She shared that she had just received her teaching credentials last week, and her father couldn’t be there because he was working at the center. “He was even afraid to go take meal breaks because he was afraid something would happen if he stepped away from the Islamic center,” Abdullah told the crowd through tears.
A father of eight who was a convert to Islam, Abdullah had been the first face anyone saw at the ICSD for years. His dedication to the community reflected the ethos of the center. For decades, the ICSD has kept its campus accessible as one of the most deliberately welcoming Muslim institutions in the country despite being tested by anti-Muslim backlash. Now it has been tested by the worst kind of violence.
“It’s a very, very close-knit, welcoming community,” said Khatib. “Everybody that has come to ICSD has felt at home here.”
The Islamic Center of San Diego is the largest mosque in San Diego county, serving a congregation that spans thousands and more than a dozen nationalities. It runs an elementary school from preschool to third grade, holds five daily prayers and has spent the last two decades building one of the most extensive interfaith networks of any Muslim institution in the country.
The mosque broke ground in 1986 in Clairemont, an inland working-class neighborhood, and opened three years later under the name Masjid Abi Bakr Al Siddiq. In 1991, as American forces mobilized for the Gulf war, someone planted a defective bomb at the mosque. No one was hurt.
Taha Hassane, imam and director of the ICSD, arrived in the US from Algeria in 2001 – mere weeks before the September 11 attacks. Three years later, he would lead a congregation still living in the shadow of the worst terrorist attack on US soil in American history. Hassane’s response was to open the doors of the mosque wider.
“We have failed to identify ourselves, to introduce ourselves to our neighbors,” Hassane told NPR on the 10th anniversary of the attacks. “We have failed to build strong bridges of understanding and respect.”
He began hosting interfaith meetings, joined civic groups, took a seat on the Muslim American advisory board of the San Diego police department and joined the interfaith advisory board of the San Diego district attorney’s office.
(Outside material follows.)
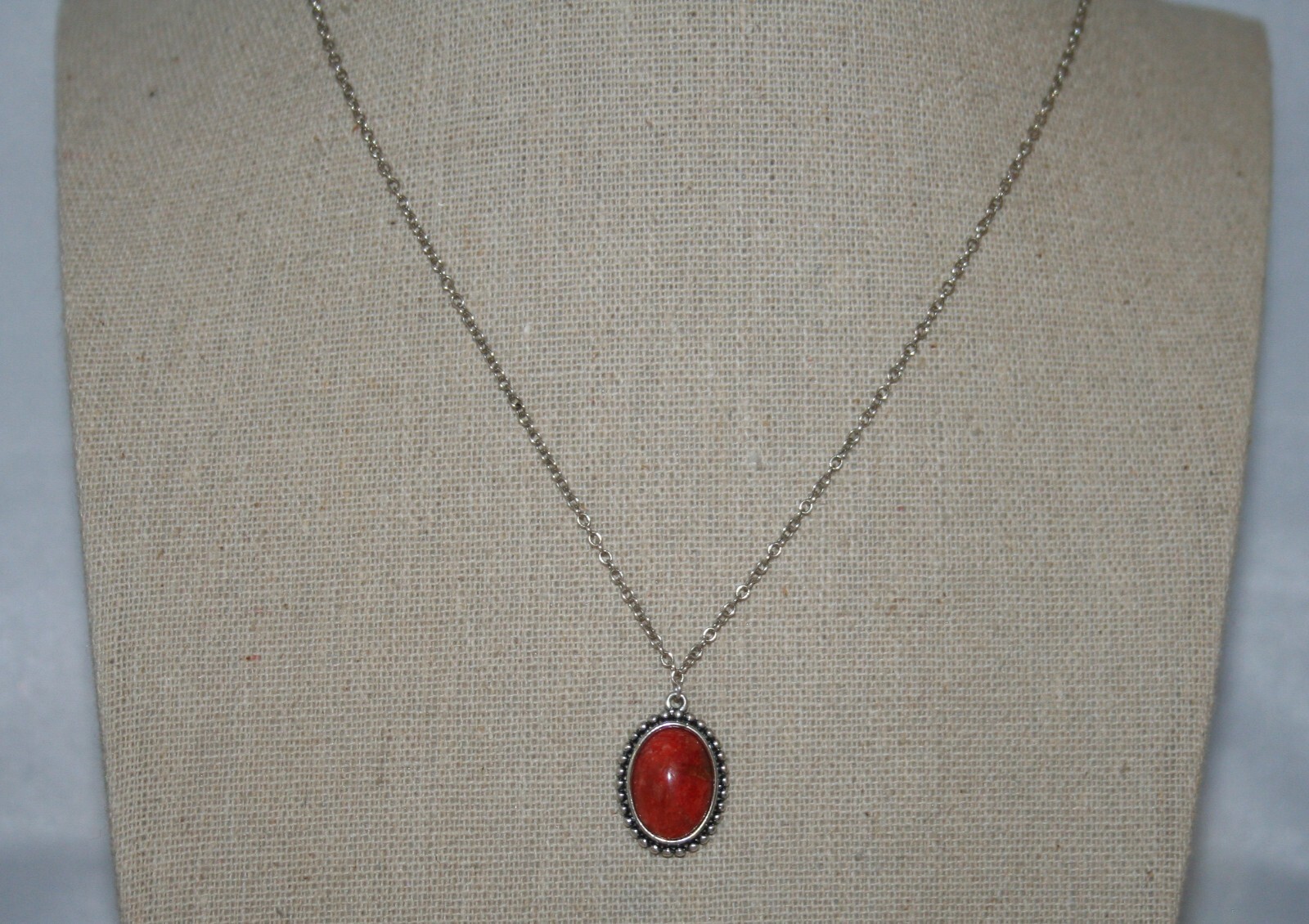 Silpada Sterling Silver Vintage Red Sponge Coral Pendant Necklace N2342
He decided that Friday sermons would be conducted in English because no single immigrant language could serve a congregation drawn from across the world.
On the morning of the shooting, a group of non-Muslims was inside the center on a tour, learning about Islam.
“American Muslim institutions almost uniformly aspire to openness, to be a good neighbor, connecting with others, working on the common good, and it is part of the inheritance of Muslims building religious life inside a pluralist society,” Hatem Albazian, director of the Islamophobia Research and Documentation Project at UC Berkeley, said. “But very few have committed to it as completely, as publicly, and for as long as ICSD.”
Albazian has known Hassane personally and visited the center many times. “The doors are literally unlocked between prayers. These are deliberate choices sustained over decades, in the face of considerable institutional and increasing societal pressure to retreat behind security perimeters.”
That pressure intensified sharply after 7 October 2023, when Hamas launched a surprise attack on Israel that killed approximately 1,200 people, triggering an Israeli military campaign in Gaza that has killed more than 70,000 Palestinians – a death toll that advocates say is likely an undercount – and a wave of anti-Muslim and anti-Palestinian sentiment across the US.
Imam Hassane said he saw students being bullied at school because of their names, because they were Muslim or Palestinian. In 2023, more than 50 anti-Muslim fliers were posted on trees and fencing across the campus. Hassane and his family faced sustained criticism over social media posts about the war in Gaza.
The Council on American-Islamic Relations (Cair) recorded 8,683 anti-Muslim complaints in 2025 – the highest annual total since the organization began tracking in 1996. After the attack on Monday, investigators found hate speech written on one of the weapons the shooters carried and racial ideology in a suicide note.
Albazian, who has spent decades documenting Islamophobia in the US, said the threat has changed shape significantly since the years after September 11. The backlash back then, he said, was largely driven by the government – watchlists, surveillance and immigration enforcement. Street-level violence was real but scattered, and officials at least kept their distance, rhetorically, from vigilantes.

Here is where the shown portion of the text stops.